A rideshare vehicles may equip with an in-vehicle crime detection system for real-time detecting the above-mentioned crimes in the rideshare service. For example, if an in-vehicle crime is detected, the crime detection system may automatically notify the ride-hailing platform to call a nearby police to report the crime. However, crime detection system could only serve to mitigate the harm after the fact, but could not prevent the crime from happening. For example, existing ride-hailing platforms with in-vehicle crime detection systems may not allow or block the service request based on an estimated trip risk.
Embodiments of the disclosure provide systems and methods for estimating a trip risk associated with a transportation service request using machine learning models and processing the transportation service request based on the trip risk.

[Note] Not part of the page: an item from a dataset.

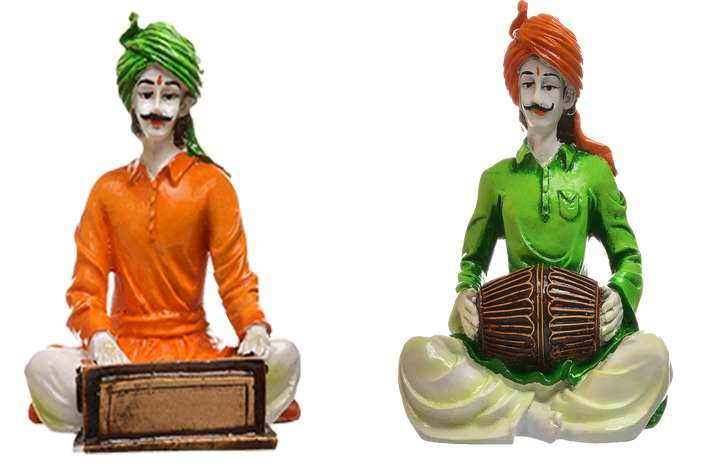 Traditional Rajasthani Folk Musician Resin Showpiece - Karigaari India Aesthetic Home Decor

Embodiments of the disclosure provide a system for processing a transportation service request. An exemplary system may include a communication interface configured to receive the transportation service request from a terminal device. The system may further include at least one processor. The at least one processor may be configured to generate a passenger score based on the received transportation service request using a first machine learning model trained with sample passenger data associated with past impacted drivers. The at least one processor may further be configured to generate a trip score based on the generated passenger score and the received transportation service request using a second machine learning model trained with sample trip data associated with the past impacted drivers. The at least one processor may also be configured to allow or block the received transportation service request based on the generated trip score.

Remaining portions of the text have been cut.